Latency-Aware Vision-Language-Action Models (VLAs) with System Identification for Real-Time Robot Control

Modern vision-language-action models (VLAs) predict actions in chunks, but each new chunk starts from a stale observation, causing visible shaking at chunk boundaries. We traced this problem back to three compounding delay sources, measured each via system identification, and shifted the training target to compensate.

May 7, 2026

Summary

Modern vision-language-action models (VLAs) predict actions in chunks, but each new chunk starts from a stale observation, causing visible shaking at chunk boundaries. We traced this problem back to three compounding delay sources, measured each via system identification, and shifted the training target to compensate. The result was a 64.9% reduction in velocity discontinuity and a 30.8% reduction in acceleration jerk on a real bi-manual robot at 30 Hz, with no additional inference cost.

The problem: why is our robot shaking?

VLAs take camera images, joint states, and language instructions as inputs to produce motor commands. A single forward pass through a billion-parameter model takes 50–135 ms on an RTX 5090 GPU, but a manipulator needs new commands every 33 ms (30 Hz).

Action chunking helps: instead of predicting one action per step, the model predicts a horizon of 50 future actions at once. The robot executes this action chunk while the next one is being computed. This eliminates the timing bottleneck, but it introduces a new artifact.
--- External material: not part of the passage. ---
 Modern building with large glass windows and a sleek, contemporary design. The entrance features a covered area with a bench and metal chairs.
Figure 1. Inter-chunk discontinuity. Left: action chunk segments for joints 0, 3, and 5 during the first 16 s. Right: zoom at a chunk boundary; predicted chunks produce positional discrepancies (red) and temporal brief freezes (yellow), causing visible “seams.”
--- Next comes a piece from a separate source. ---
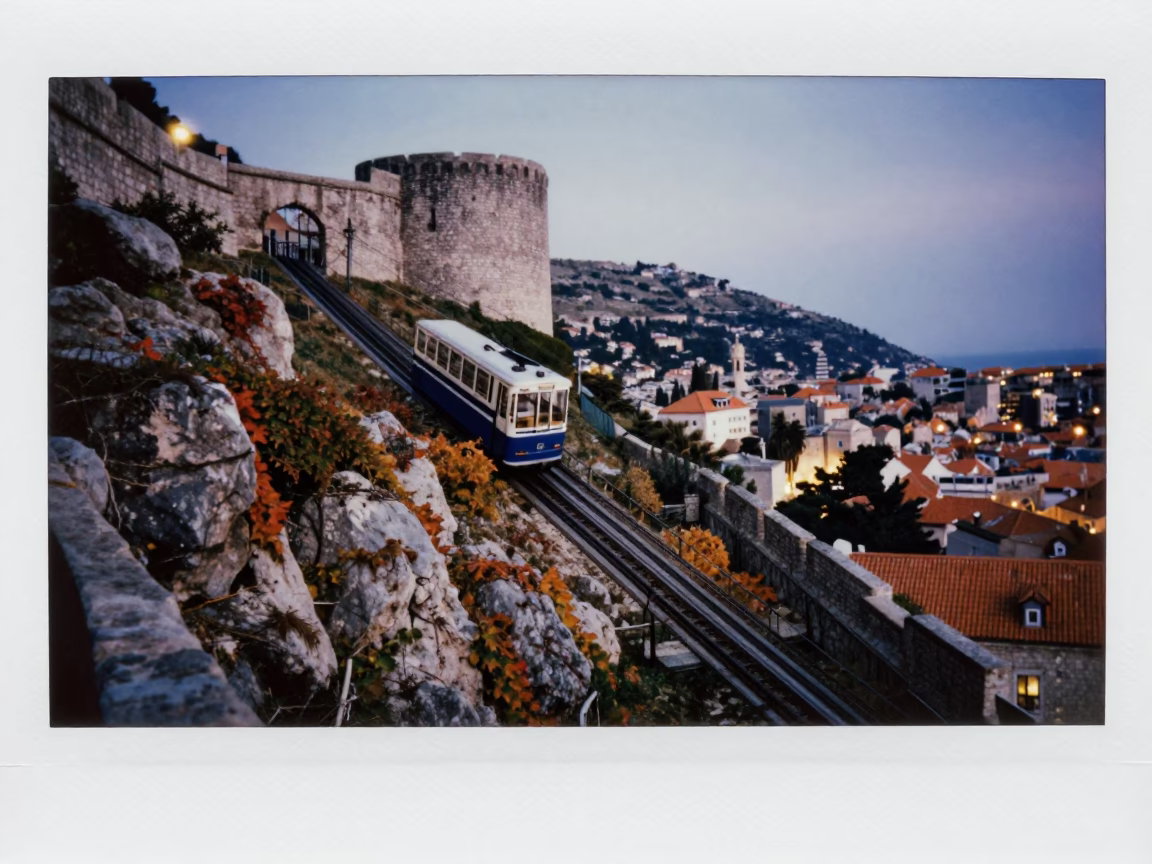 Evening in Dubrovnik Croatia with Old Town Walls and Funicular Railway Amidst City Lights in in Dubrovnik, Croatia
Every time a new chunk arrives, the robot switches from one independently predicted trajectory to another. Because each chunk is conditioned on a different (and slightly stale) observation, the trajectories disagree at the boundary. The robot jerks.
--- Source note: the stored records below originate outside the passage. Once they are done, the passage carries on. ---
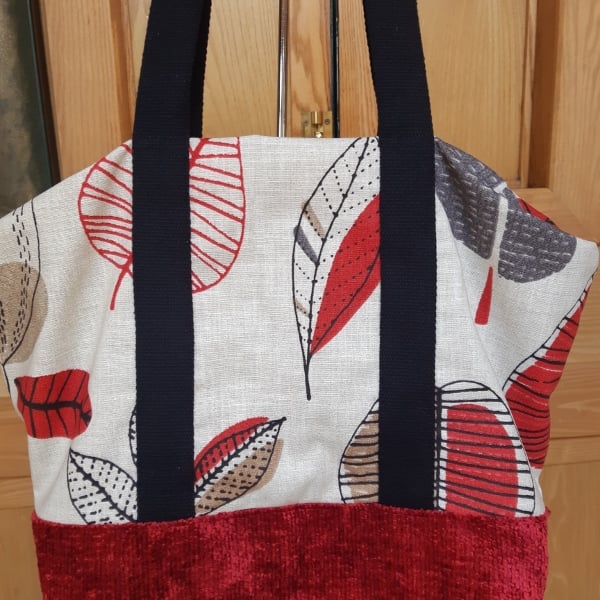 Red velour and vintage print bag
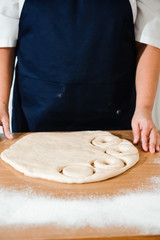 Chef preparing dough - cooking donuts process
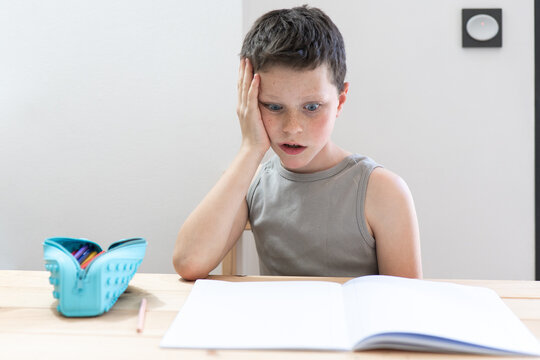 Young boy looking confused while studying with open book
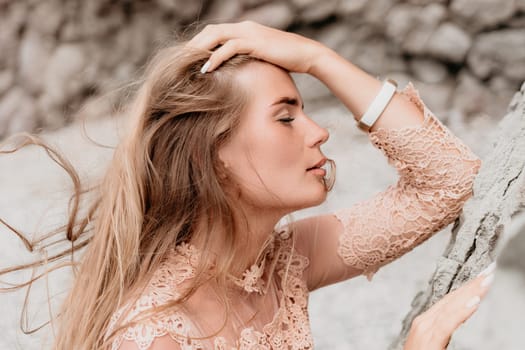 Woman travel sea. Young Happy woman in a long red dress posing on a beach near the sea on background of volcanic rocks, like in Iceland, sharing travel adventure journey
The root cause: three delay sources

Most prior work treats latency as a single number: model inference time. In practice, we identified three distinct delay sources that compound:

  1. Model inference delay, dinf (3 images = 55 ms, 4 images = 71 ms). The time for a forward pass including flow-matching denoising steps. On our RTX 5090, the model inference delay is ~71 ms with four camera images and 10 denoising steps, and ~55 ms with three images.
  2. Leader-follower mechanical lag, dlf (~67 ms). During teleoperated data collection, the follower robot tracks the leader with a ~67 ms delay due to communication latency, servo response, and mechanical compliance. The recorded joint state is always behind the commanded action. This systematic mismatch is inherent the training data.
  3. Camera asynchrony, dcam (5-30 ms). USB cameras nominally capture at 30 Hz, but OS scheduling and bandwidth contention introduce per-camera jitter. The observation used for inference can be stale by an unpredictable amount.
Figure 2. Measured end-to-end inference time (mean ± std). Observation encoding dominates the latency budget.

Figure 3. Leader-follower delay analysis. The follower lags the leader (mechanical lag) by two frames (~67 ms) as confirmed by cross-correlation.

Figure 4. Camera asynchrony. Three views captured “simultaneously” show 5-30 ms timestamp differences due to USB scheduling. Blurred numbers on the screen result from the discrepancy between screen timer resolution (~1 ms) and camera capture resolution (~33 ms). Sub-millisecond accuracy is a challenge given this free-rolling, async capturing mechanism.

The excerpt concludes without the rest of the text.